Le Vendredi saint, les paroissiens participent à l’office de la Mise au tombeau. Ils commémorent l’ensevelissement du Christ, en anticipant déjà le mystère de la Résurrection. Lors de la cérémonie, une grande icône du Christ au tombeau est sortie, pour être offerte à la vénération des fidèles.
«Le Samedi saint représente l’un de mes souvenirs d’enfance les plus frappants», souligne Tikhon Troyanov. Ce jour-là, l’église et les habits du clergé passent des couleurs sombres (noir, violet…) au blanc. Afin de signifier le passage des ténèbres à la lumière.
La paroisse du responsable orthodoxe, fondée il y a cinquante ans, est francophone. Elle fait partie du complexe de Chambésy. Le lieu est occupé par quatre paroisses relevant du Patriarcat de Constantinople: outre la francophone, on y trouve une grecque, une roumaine, et une géorgienne.

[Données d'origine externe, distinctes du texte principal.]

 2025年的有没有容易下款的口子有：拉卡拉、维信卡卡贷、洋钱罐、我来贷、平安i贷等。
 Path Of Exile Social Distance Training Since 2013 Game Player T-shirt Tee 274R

Dans la banlieue genevoise, les quatre paroisses fêtent Pâques en partie en commun. Le Samedi saint au soir, l’office commence vers 23h. La proclamation se fait sur le parvis de l’église principale du Centre orthodoxe. «Il y a beaucoup de monde à ce moment-là sur le parvis, car cet office est très important pour les orthodoxes», commente Tikhon Troyanov. Le clergé des quatre églises et les fidèles se réunissent ensuite dans l’édifice, où des chants sont entonnés et des bougies allumées.
Les diverses communautés se rendent ensuite dans leurs locaux respectifs pour commencer un office d’environ trois heures. Vers 2h du matin, les fidèles sont invités à un buffet pascal. «Les traditions de Pâques sont assez semblables dans les diverses églises orthodoxes, relève Tikhon Troyanov. Elles se fondent sur le même canevas, mais dans des langues différentes.» La paroisse francophone célèbre tout en français, ce qui est relativement nouveau. Alors que les grecs, notamment, célèbrent en grec ancien.
L’office de la nuit pascale est le principal pour les orthodoxes, même si certaines paroisses proposent une célébration également le dimanche matin.
Église évangélique réformée, les prieurs de l’aube
«Les traditions entourant les fêtes de Pâques chez les réformés sont assez similaires à celles des catholiques, indique Virgile Rochat. Le pasteur de l’Église évangélique réformée du canton de Vaud (EERV) ayant officié à la paroisse Chailly-La Cathédrale à Lausanne est aujourd’hui à la retraite. «Même si la fête de la résurrection du Christ est bien sûr la plus importante de l’année aussi pour nous, nous considérons en fait tous les dimanches comme Pâques», remarque-t-il. Cette période prend toutefois un aspect bien plus festif.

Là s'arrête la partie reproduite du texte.